EXERCISE:
Would you write out the lines below exactly, from the one containing "美国女议员将白色气球带到国会 - 俄罗斯卫星通讯社" to the very last, but without the pictures?

Pictures with short captions:
──────────────────────────────

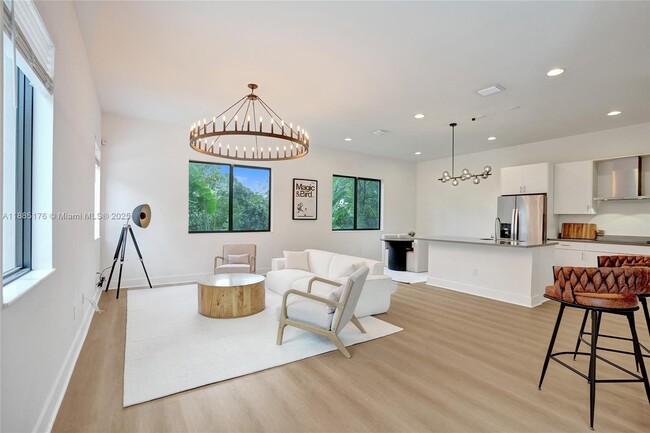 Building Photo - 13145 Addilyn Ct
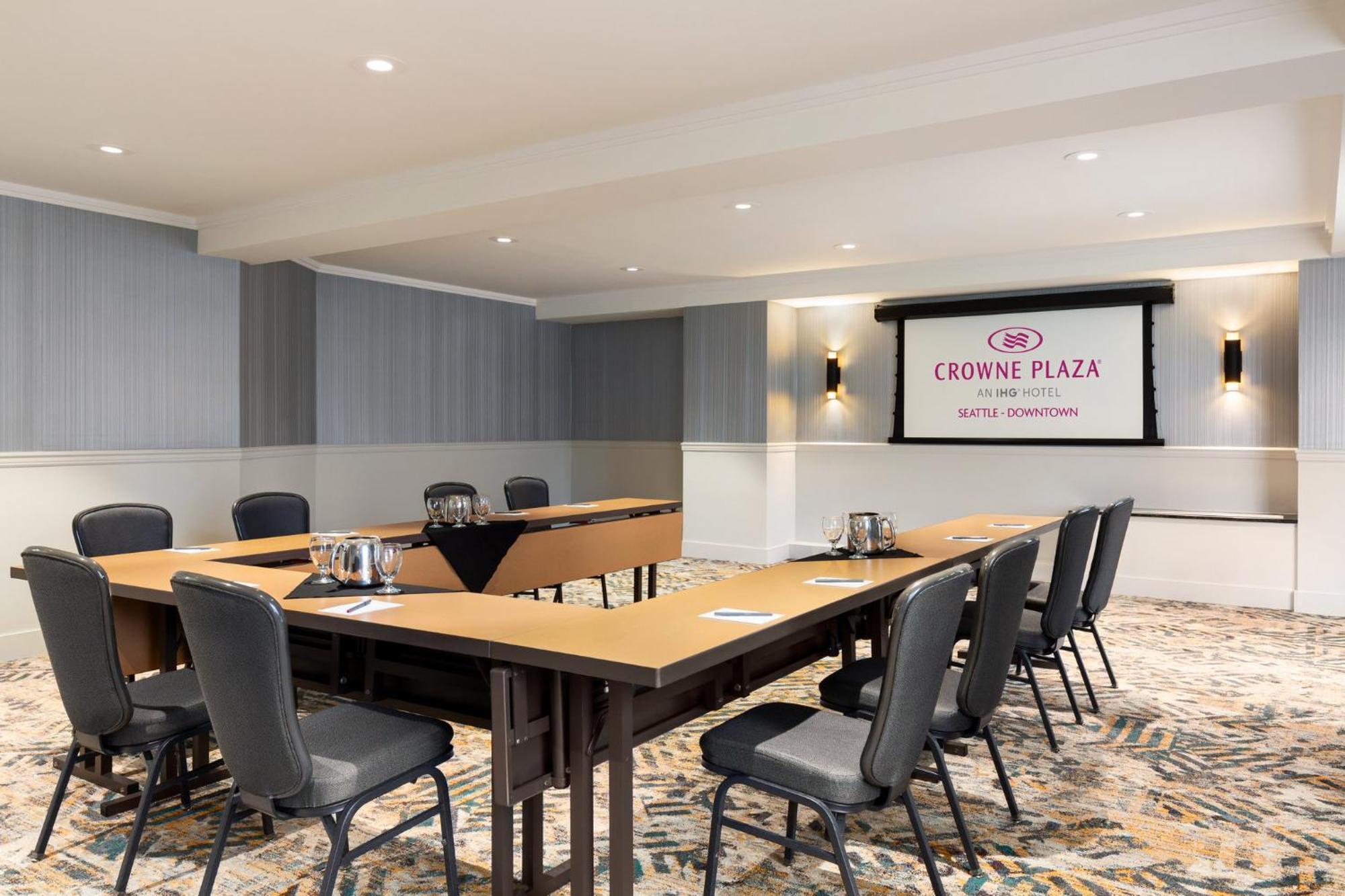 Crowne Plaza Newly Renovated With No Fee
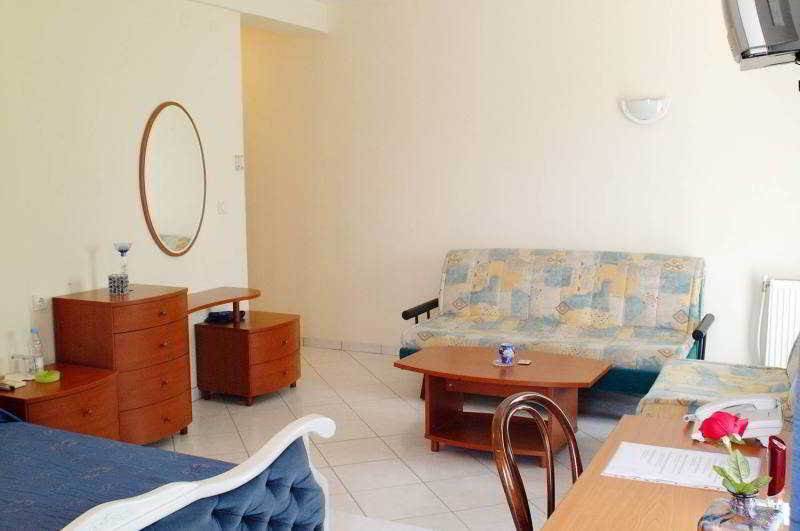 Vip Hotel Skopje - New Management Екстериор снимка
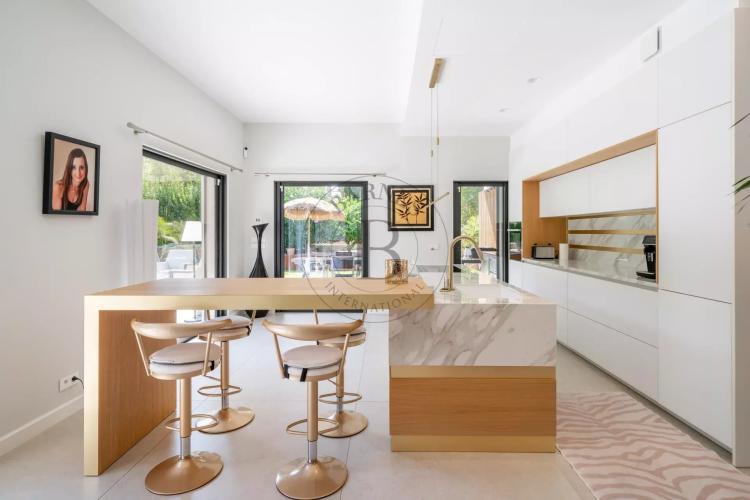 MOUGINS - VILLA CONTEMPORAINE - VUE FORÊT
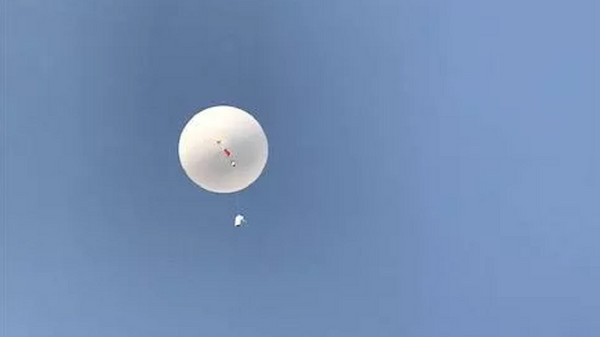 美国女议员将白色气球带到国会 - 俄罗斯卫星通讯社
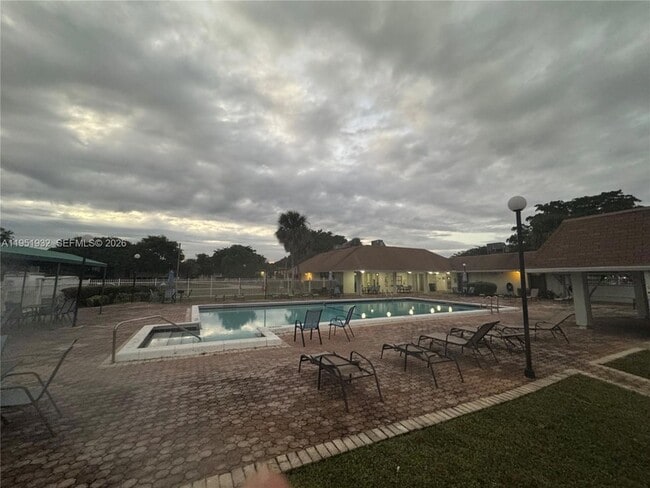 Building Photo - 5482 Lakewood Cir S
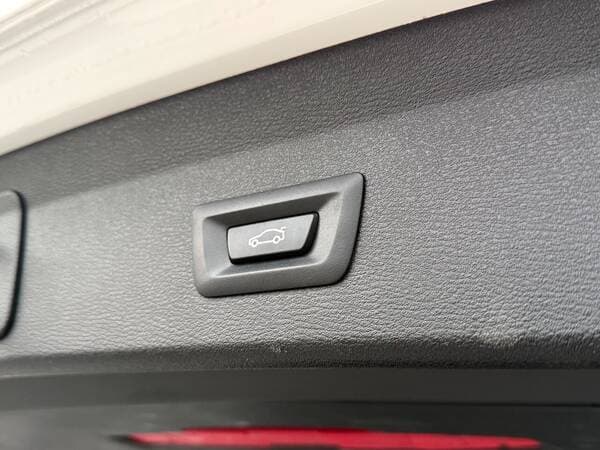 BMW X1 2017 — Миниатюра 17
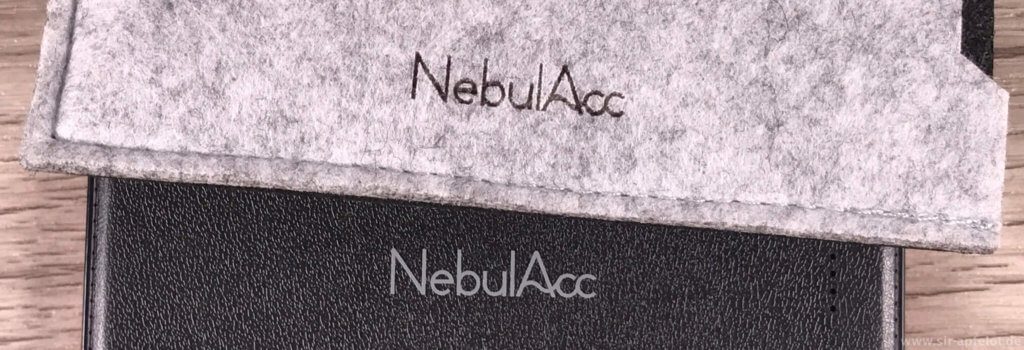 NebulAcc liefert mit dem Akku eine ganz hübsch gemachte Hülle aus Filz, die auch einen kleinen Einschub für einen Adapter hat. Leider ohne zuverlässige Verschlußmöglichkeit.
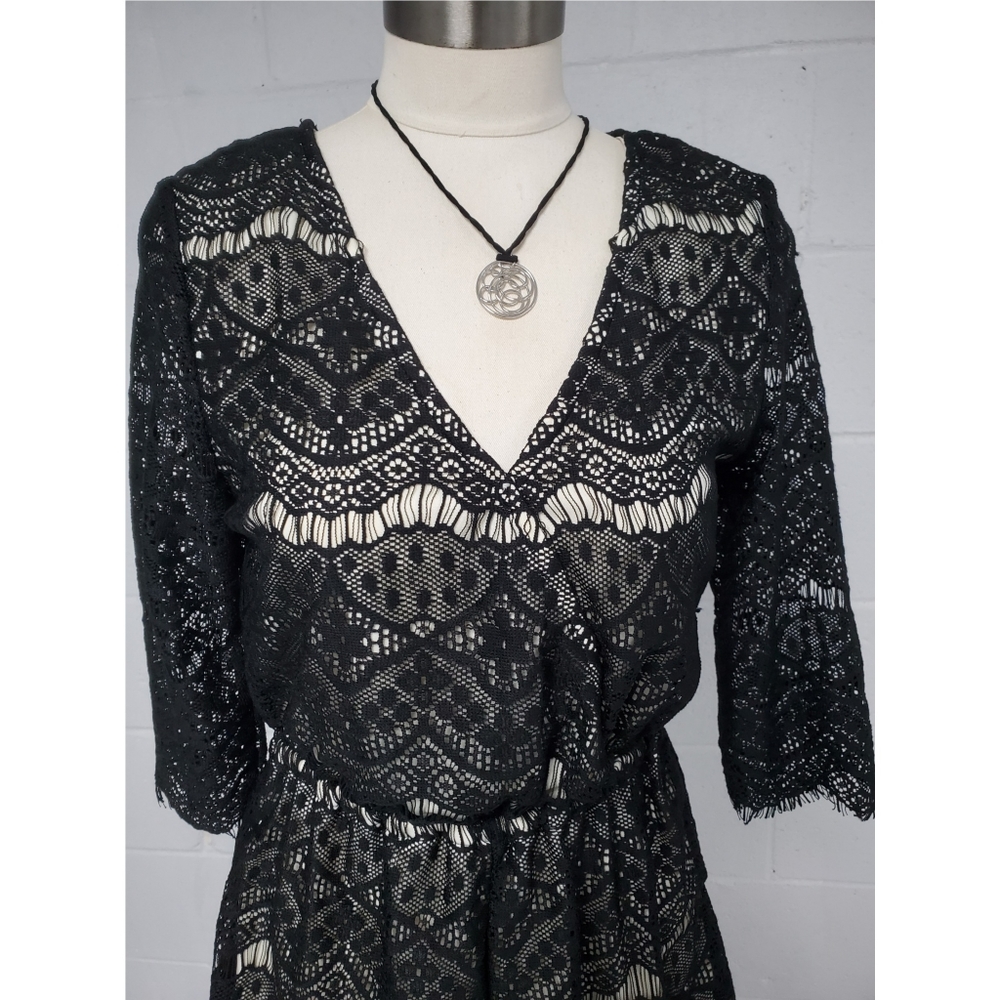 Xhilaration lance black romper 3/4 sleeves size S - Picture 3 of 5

──────────────────────────────

ANSWER BELOW:
 美国女议员将白色气球带到国会 - 俄罗斯卫星通讯社
 Building Photo - 5482 Lakewood Cir S
 BMW X1 2017 — Миниатюра 17
 NebulAcc liefert mit dem Akku eine ganz hübsch gemachte Hülle aus Filz, die auch einen kleinen Einschub für einen Adapter hat. Leider ohne zuverlässige Verschlußmöglichkeit.
 Xhilaration lance black romper 3/4 sleeves size S - Picture 3 of 5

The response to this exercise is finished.